As the mission proceeds, it is discovered that before Robin committed to accompany Satyamoorthy on this mission, he had attempted to kill his wife Swetha due to her affair with his best friend. To escape from the police, Robin tries to sabotage the mission, but Gautham's wife convinces him to save her daughter's life. They reach the hospital in time to save Ria's life just as Karthik's father and mother prepare to cremate their son.

== Production ==
At the hundredth day celebrations of the 2011 Malayalam film Traffic, Kamal Haasan, who was the chief guest at the ceremony announced that he would remake the film into Tamil with Rajesh Pillai as the film's director. However, due to his extended involvement in his directorial venture, Haasan opted out of the film by November 2011 and R. Sarathkumar was subsequently chosen to replace him. The director postponed the film, mentioning that it would restart after the Hindi version was complete. Soon the actor's wife, Radhika, joined the film and agreed to produce the venture alongside Listin Stephen. Remya Nambeesan was signed on to reprise her role from the original. In March 2012, Rajesh Pillai left the remake citing scheduling issues and was replaced by his assistant Shaheed Khader.
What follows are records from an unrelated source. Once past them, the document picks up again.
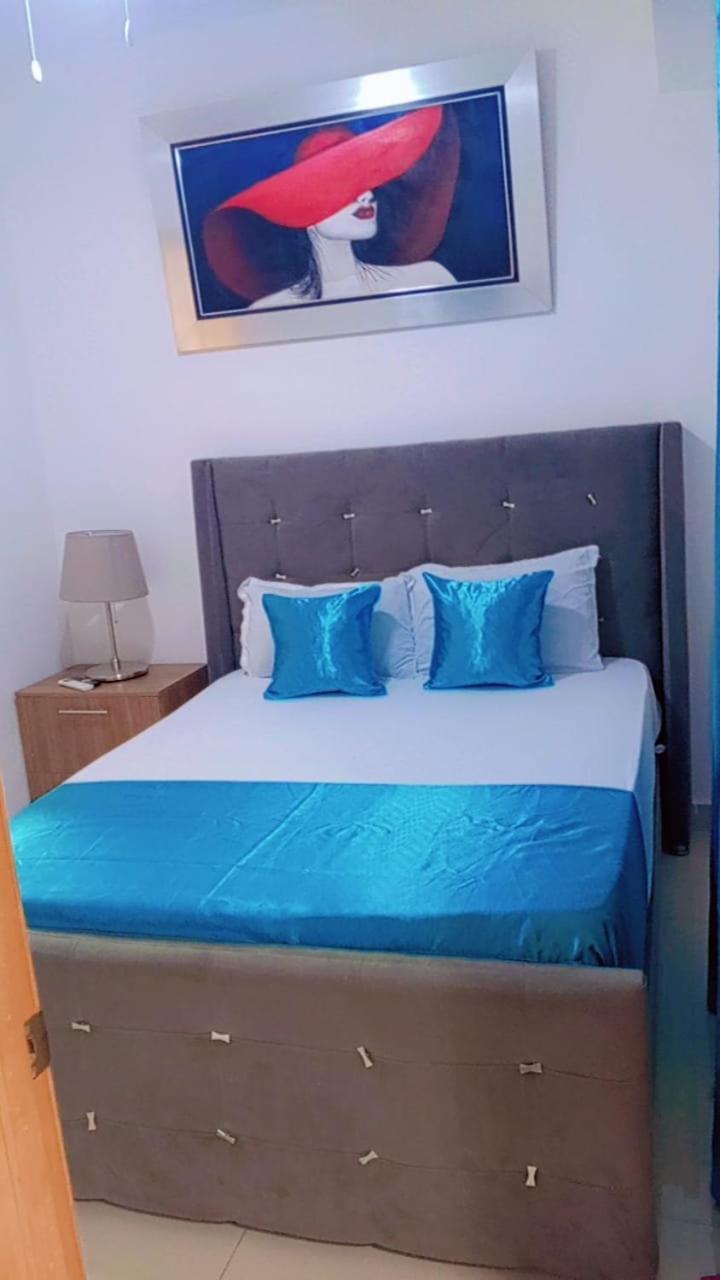 Simply The Most Comfortable Place Next To Boca Chica Beach Eksteriør bilde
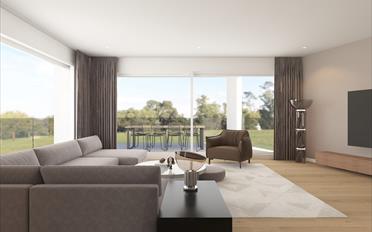 Apartment 4.5 rooms - image - 1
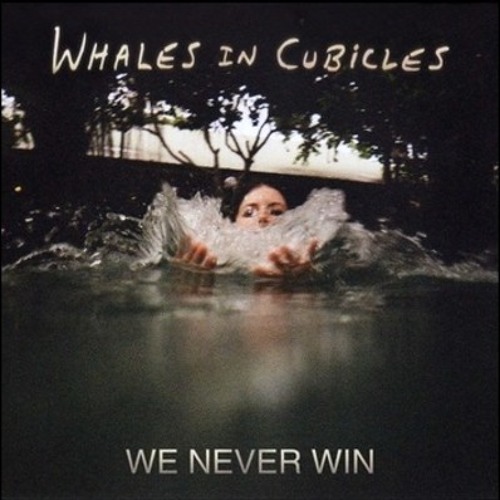 WE NEVER WIN
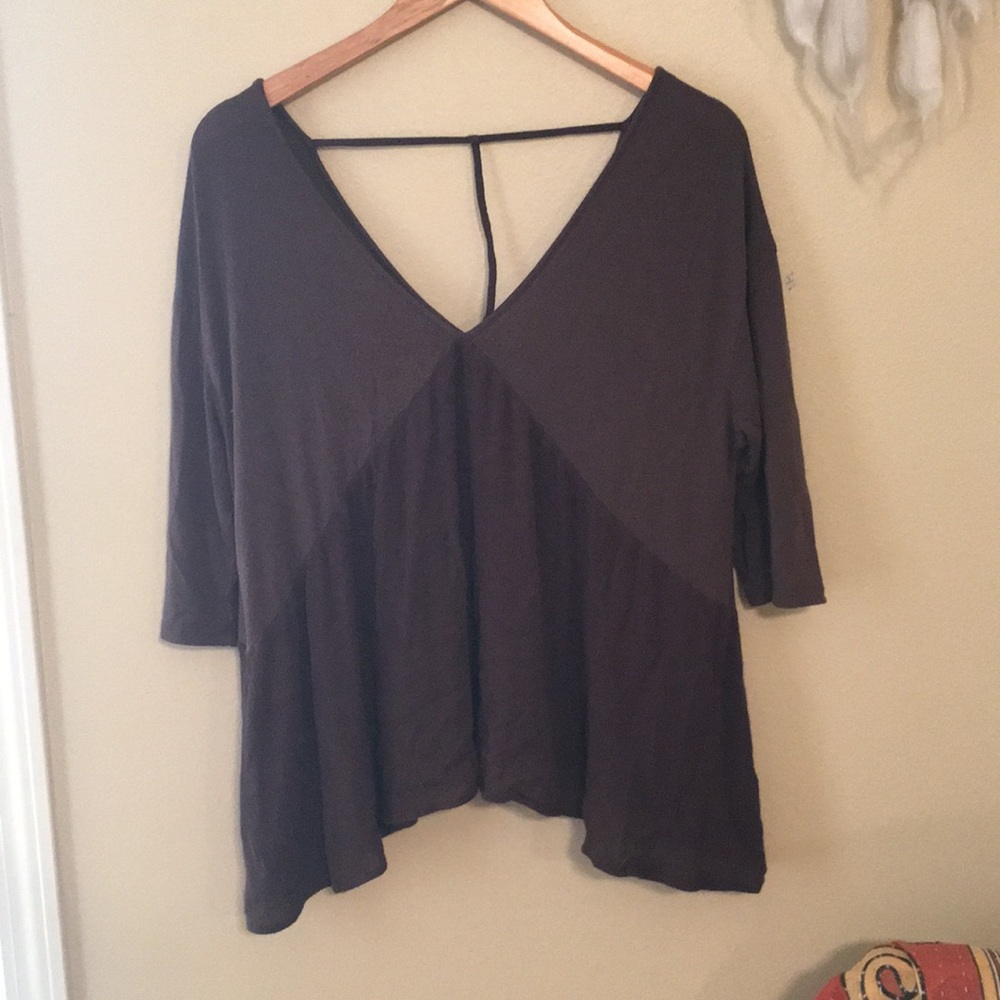 Altered State Top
The film was officially launched on 21 June 2012. She confirmed that Parvathy would make a comeback to Tamil cinema with her role in the venture.

== Release ==
The satellite rights of the film were sold to Sun TV.

== Soundtrack ==
Mejo Joseph who composed the original film had composed the songs thus marking his debut in Tamil.

=== Track listing ===

- "Kanavey" (Female) – Shweta Mohan
- "Un Tholil Saaya" – Srinivasan
- "Iravin" – Sithara
- "Kanavey" (Male) – Kaushik Menon
- "En En Yenum" – Tippu
- "Theme Music" – Sangeetha Sreekanth
- "Massetonia" – Srinivasan

== Critical reception ==
Behindwoods wrote:"On the whole, we have a movie which offers excitement and also educates us about a vital concept which can prove to be a life-changer to any of us in need".

Baradwaj Rangan of The Hindu wrote "The back-and-forth-in-time narrative structure helps camouflage the inconsistencies..what’s missing is the nerve-jangling tension that Hollywood routinely infuses into this kind of product, but the periodic cliffhangers keep us invested in the outcome. This is the sort of outing Tamil cinema could use more of."